Aaron Nola has a date on Valentine’s Day, but there will be no wine, no dinner, no chocolate.
Nola on Monday night revealed that his salary arbitration showdown with the Phillies is scheduled for Feb. 14. A three-person panel will decide his 2019 salary during a hearing in St. Petersburg, Florida, that day. The Phillies will hold their first workout for pitchers and catchers the day before in nearby Clearwater.
“This is baseball, the business part of the game,” Nola said before accepting the Professional Athlete of the Year award at the 115th annual Philadelphia Sports Writers Association dinner. “No hard feelings between us. Whatever happens happens. We’re just going to go through it.”
Arbitration hearings can often be unpleasant experiences, turning teams and players into adversaries. Some players choose to accompany their agents into the hearings. Some don’t.
Nola said he was planning to attend.
“I actually haven’t talked to anybody that has gone through it, but, yeah, I think I’ll be going in and sitting down,” Nola said. “I’m looking forward to seeing what it’s all about.”

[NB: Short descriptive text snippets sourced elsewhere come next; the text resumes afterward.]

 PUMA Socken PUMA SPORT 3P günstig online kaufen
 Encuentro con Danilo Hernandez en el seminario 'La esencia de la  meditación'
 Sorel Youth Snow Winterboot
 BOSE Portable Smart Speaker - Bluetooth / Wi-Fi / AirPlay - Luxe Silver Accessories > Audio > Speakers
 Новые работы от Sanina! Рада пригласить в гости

Nola, 25, had a brilliant season for the Phillies in 2018. He finished fourth in the majors in ERA (2.37) and quality starts (25) and fifth in innings (212 1/3) and WHIP (0.97) on his way to a third-place finish in the NL Cy Young voting. He was clearly one of the best pitchers in baseball and wants to be compensated as such in 2019.
After failing to agree on a one-year contract earlier this month, Nola and the team exchanged potential salary figures. The Phillies filed at $4.5 million while Nola came in at $6.75 million. Though an agreement can still be struck between the two sides, Nola said he expects that the matter will be resolved in a hearing. During the hearing, the arbitration panel will hear arguments from both sides and pick one salary figure or the other. There is no middle ground.

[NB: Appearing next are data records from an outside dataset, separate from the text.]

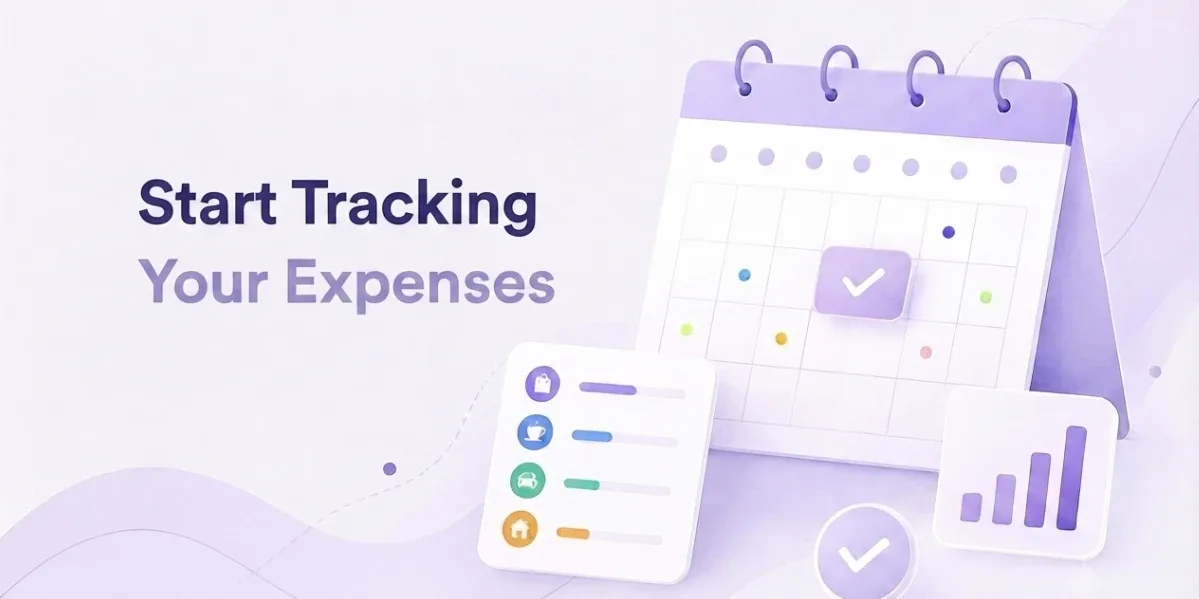 How to Start Tracking Your Expenses (and Actually Stick with It)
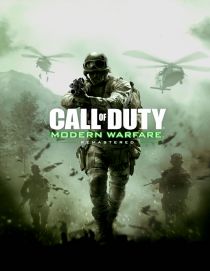 Call of Duty: Modern Warfare Remastered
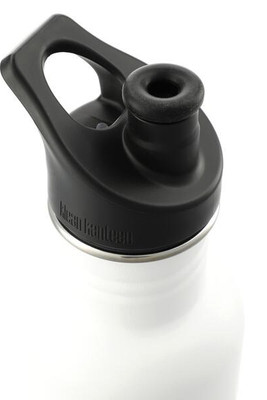 Klean Kanteen 1600-40 - Eco Classic 27oz- Sport cap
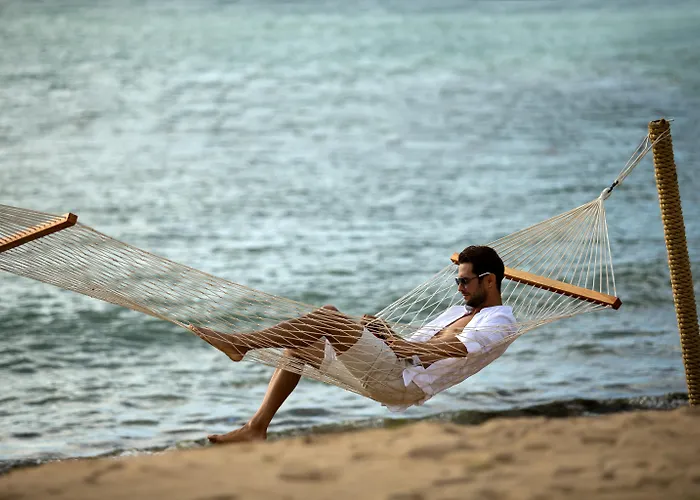 Resorts nahe Hafen Benoa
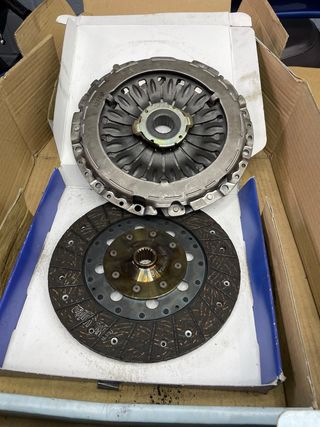 Kit Embrague Hyundai Santa Fe.NUEVO!!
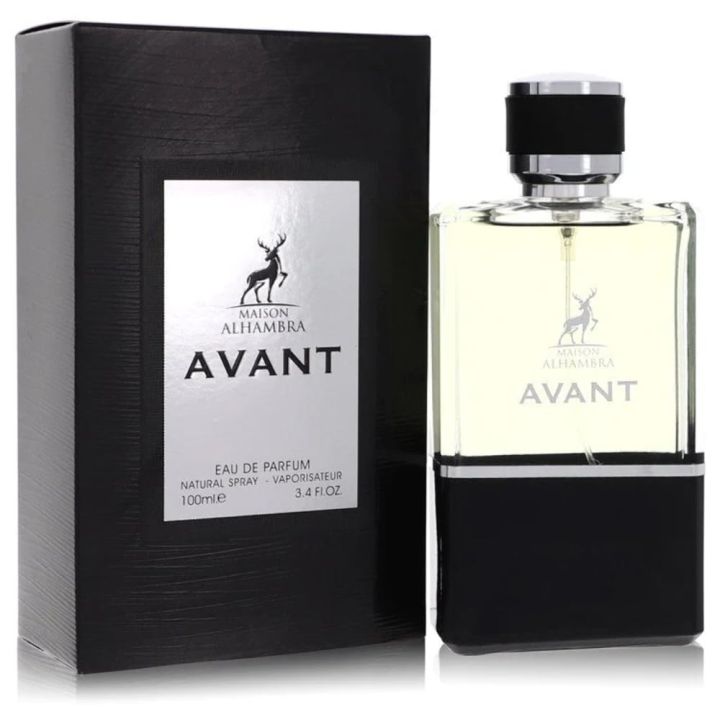 Avant Maison Alhambra 100ML EDP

Nola made $573,000 in 2018. His salary request is not far off the $7.25 million that Dallas Keuchel got from Houston as a first-time arbitration player in 2016. Keuchel won the American League Cy Young Award the year before.
Nola acknowledged that his side was using Keuchel as a comparable.

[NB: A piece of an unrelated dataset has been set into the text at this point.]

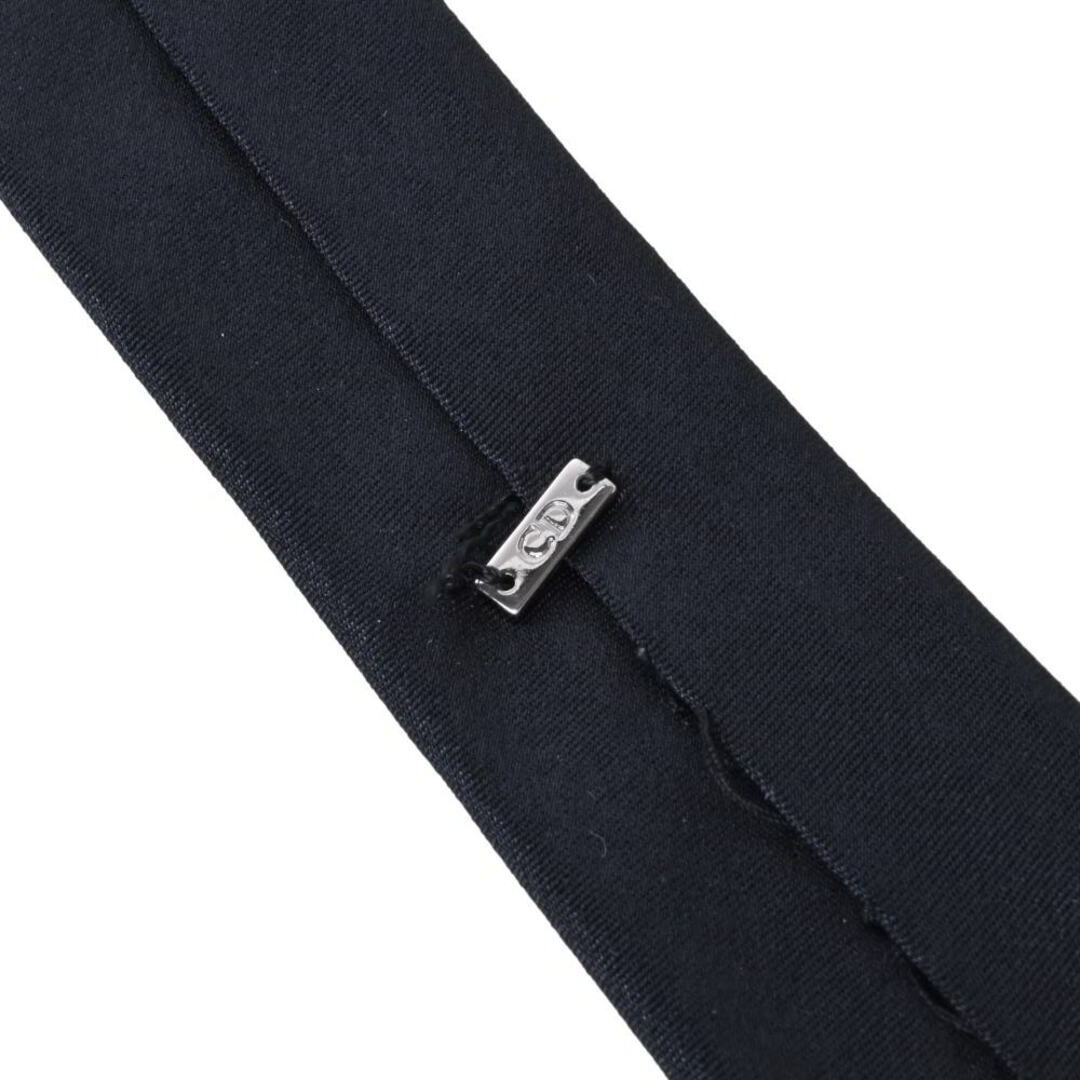 Dior HOMME silk narrow tie Used CYHE-0 | eBay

“I don’t think there’s much of a secret anymore,” he said. “We’ll see what happens in arbitration.”
Manager Gabe Kapler said he did not believe a hearing would cause any bad feelings between his ace and the ballclub.
“I think there’s some personality components to that,” Kapler said. “Like for Aaron, no. Because he’s stoic, right? I don’t see him getting too high or too low. I think there are players outside of our organization who get their feelings hurt in this process. I don’t see Aaron as the type of guy that would get his feelings hurt in an arbitration process. That’s my take on it.”
Though Nola said he was unaware of anything that might be in the works, it’s not out of the question that he and the Phillies could explore a long-term extension. Nola is the type of young talent the Phillies would like to lock up. General manager Matt Klentak has been asked about the possibility of a long-term deal for Nola and, as a matter of policy, has steadfastly refused comment on the matter.
“If they ever came up and said anything (about a long-term extension), I’d have to think about it,” Nola said.